Now that i’m plugged in, I try a few selections:
The Chameleons – What Does Anything Mean? Basically (224 kbit/s MP3) : This layered, atmospheric post-punk/goth really suffers from the MP3 encoding. It sounds as though the music is struggling to escape the speakers, and this tires out my ears because I have to force myself to focus and interpolate what i’m supposed to be hearing. Turning up the bass knob on my amp filled out the bottom end a bit, but I really don’t like to play with the tone controls if I can help it.
Catherine Wheel – Chrome (160 kbit/s MP3) : A slight improvement, but the music still lacks any sort of punch or edge. This might be blamed on the album’s production; shoegaze bands liked to go for the muddy, distant sound.
J.S. Bach – Brandenburg Concertos, Benjamin Britten: English Chamber Orchestra (256 kbit/s AAC) : This is one of the better selections so far. The music actually has life and presence, although the violins lack attack/decay. Could this improvement be a property of the AAC encoding?
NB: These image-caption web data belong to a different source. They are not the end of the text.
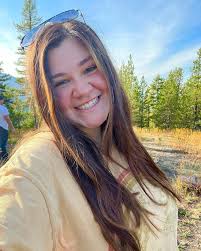 Carly McBride! (@carlymcbridee) • Instagram photos and videos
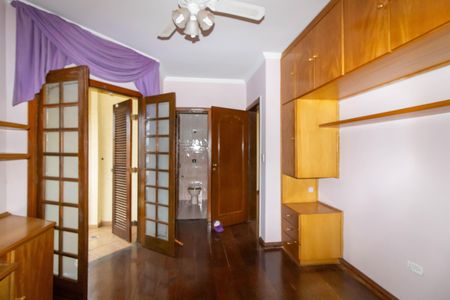 Casa de condomínio à venda com 450m², 5 quartos e 6 vagasSuíte 3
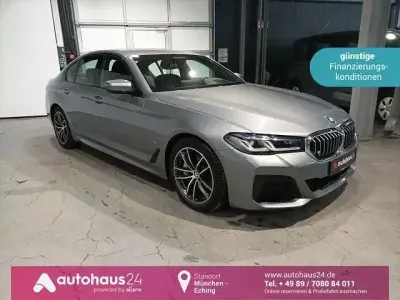 Usata BMW 530 M Sport 286 CV (210 kW) 2023 Grigio Berlina
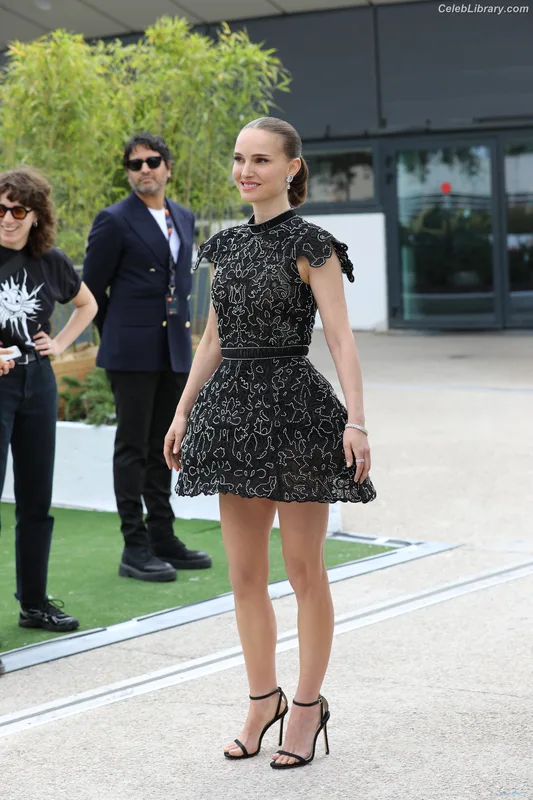 Natalie Portman photo 18 of 1527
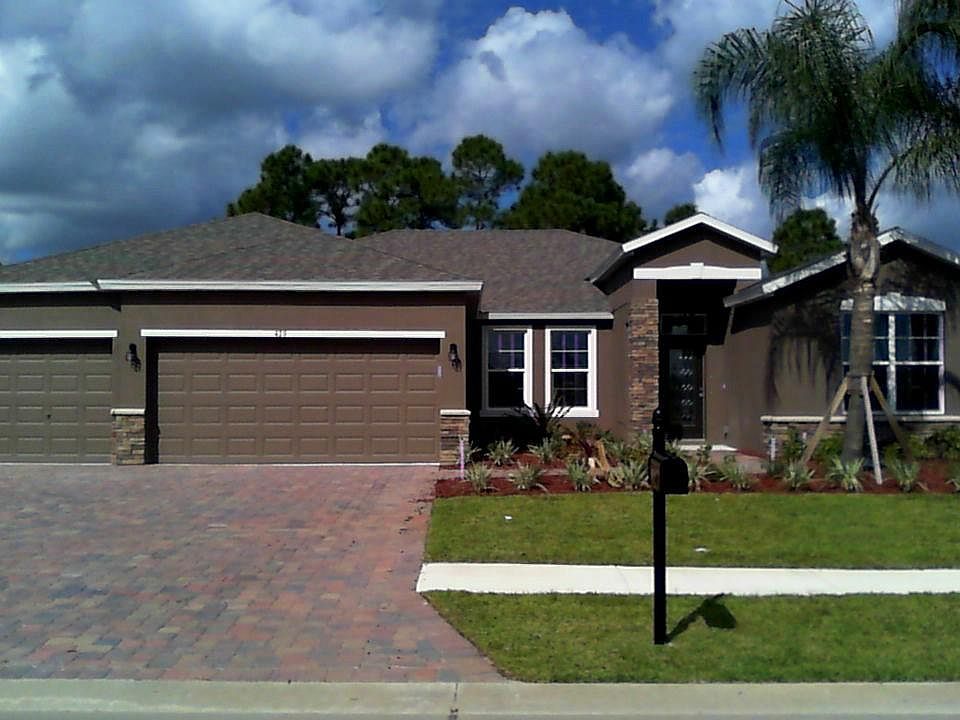 1st image of 479 SE Easton Forest Cir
Dave Brubeck Quartet – Jazz Goes to College (141 kbit/s MP3) : First off, this is a live concert recording, so the overall acoustics will differ from something taped in studio. Nevertheless, this actually sounds fairly musical and I would say is the best set of MP3s i’ve sampled so far. The sax and piano are smooth and feel as though they are in a concert hall like they should. However, like all the tracks i’ve tested, the bass is disappointing and there is still that lack of thrust and definition that I like to hear (Additionally, a minor gripe: the applause and whistles of the audience don’t feel “live” either).
Now there are some flaws in this experiment that I’ll readily admit:
1. This is an entirely subjective test. I didn’t take any actual measurements of the sound output (such as level or frequencies), although I kept the volume the same.
2. The output level of my MacBook is probably less powerful than other sources, thus giving the amplifier less to work with. An MP3 player might give different results.
3. I didn’t do any sort of A/B comparison between the same recording on a different source like CD or vinyl. This is why in Part 2 of this article I intend to listen to Van Cliburn performing Beethovens Emperor Concerto , a recording that I have on both vinyl and CD, so I can compare the two to an MP3 rip I made.
In the meantime, I can say this about MP3s : They clearly have a lot of advantages, in that they’re , uh, “free” and they take up very little space on your hard drive. And despite that they aren’t a hi-fi medium, i’m willing to bet that most of my readers have a substantial amount of their music in this format. To take advantage of this, and to get the best sound possible, hook your MP3 player into an amplifier + speaker combo. By simple virtue of playing through actual speakers and not earbuds or a cheap docking station, you will reveal details that you wouldn’t have noticed before. For example, Kitchens of Distinction’s Love is Hell was an album that I had only listened to on my iPod, so when tried it through my system it revealed details like fuller chorus guitar effects.
If you want to get your feet wet with hi-fi, get yourself a setup like the one I recommend and plug in your computer or MP3 player. You’ll get a taste of good sound while keeping your current collection, and I have no doubt that it will inspire you to do more with your system.